● WHAT YOU WILL DO
Would you print every entry below exactly as written, omitting the images?

● DATA EXTRACT
++++++++++

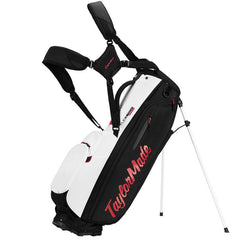 Taylormade 2025 Canada FlexTech Golf Bag
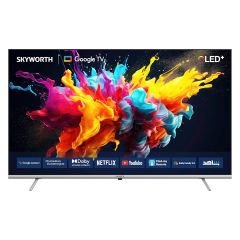 Skyworth QLED Google TV 65 Inch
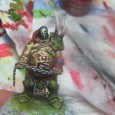 Salutations chers lecteurs, je vous présente l’avancée du seigneur de Nurgle, merci à ceux qui m’ont donné des conseils sur le dernier article, ça m’a permis d’avoir du recul vis […]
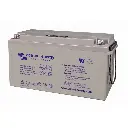 Victron Energy – 12V/165Ah Deep Cycle AGM Battery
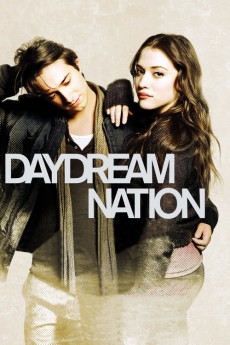 Daydream Nation (2010) (2010) download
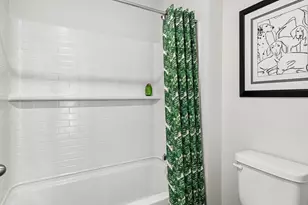 2301 La Cote Dr, Oswego, IL 60543 - Photo 26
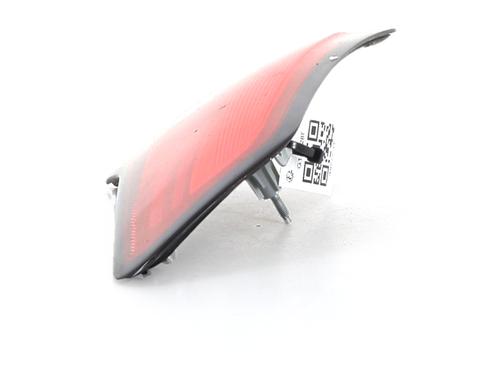 Left tailgate light CITROËN C4 II (NC_) 1.2 THP 130 (NCHNYM, NCHNYT) | BP37599945C79 - Image 2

++++++++++

● WRITTEN SOLUTION
 Taylormade 2025 Canada FlexTech Golf Bag
 Skyworth QLED Google TV 65 Inch
 Salutations chers lecteurs, je vous présente l’avancée du seigneur de Nurgle, merci à ceux qui m’ont donné des conseils sur le dernier article, ça m’a permis d’avoir du recul vis […]
 Victron Energy – 12V/165Ah Deep Cycle AGM Battery
 Daydream Nation (2010) (2010) download
 2301 La Cote Dr, Oswego, IL 60543 - Photo 26
 Left tailgate light CITROËN C4 II (NC_) 1.2 THP 130 (NCHNYM, NCHNYT) | BP37599945C79 - Image 2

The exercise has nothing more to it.